Action item:
Return an exact copy of the entries, skipping any picture you find.

Material for this task:
>>>

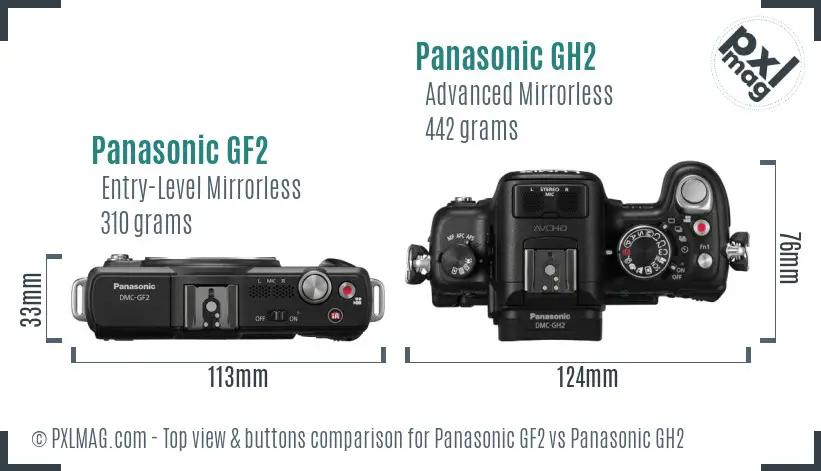 Panasonic GF2 vs Panasonic GH2 top view buttons comparison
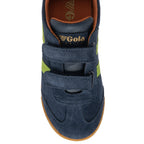 Top-down view of a navy Gola Kids Hurricane trainer with lime green stripes and velcro straps.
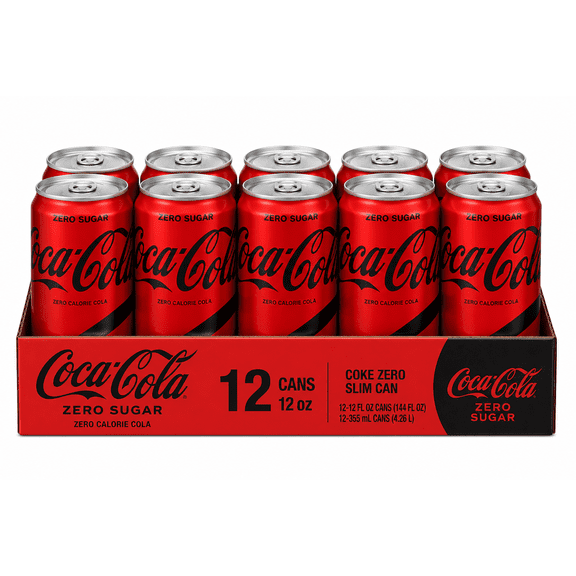 Coca-Cola Zero Sugar Slim Cans, Zero Sugar Cola Carbonated Soft Drink, 12 fl oz Slim Cans, 12 Pack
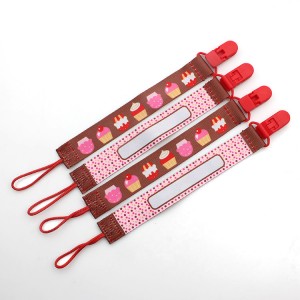 China supplier Manufacturing Eco-friendly personalize baby pacifier clip made by heat transfer printing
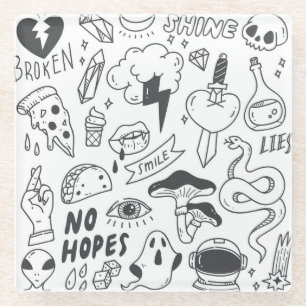 Cute Graffiti: Doodle Art Set. Glass Coaster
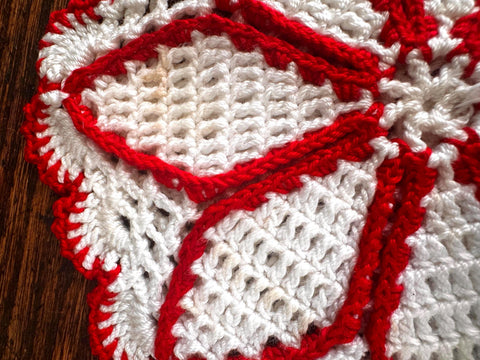 Crocheted Doily with Red and White Pattern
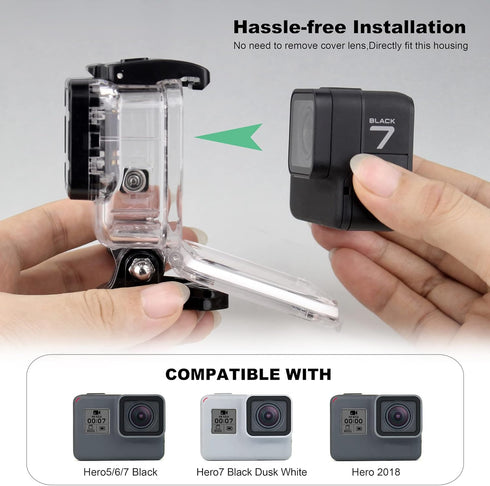 Waterproof Housing Case with Diving Filters for GoPro Hero 5 6 7 Black Hero (2018) Cameras - 45M Underwater Diving Housing Shell with Red/Light Re...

<<<

Written response:
 Panasonic GF2 vs Panasonic GH2 top view buttons comparison
 Top-down view of a navy Gola Kids Hurricane trainer with lime green stripes and velcro straps.
 Coca-Cola Zero Sugar Slim Cans, Zero Sugar Cola Carbonated Soft Drink, 12 fl oz Slim Cans, 12 Pack
 China supplier Manufacturing Eco-friendly personalize baby pacifier clip made by heat transfer printing
 Cute Graffiti: Doodle Art Set. Glass Coaster
 Crocheted Doily with Red and White Pattern
 Waterproof Housing Case with Diving Filters for GoPro Hero 5 6 7 Black Hero (2018) Cameras - 45M Underwater Diving Housing Shell with Red/Light Re...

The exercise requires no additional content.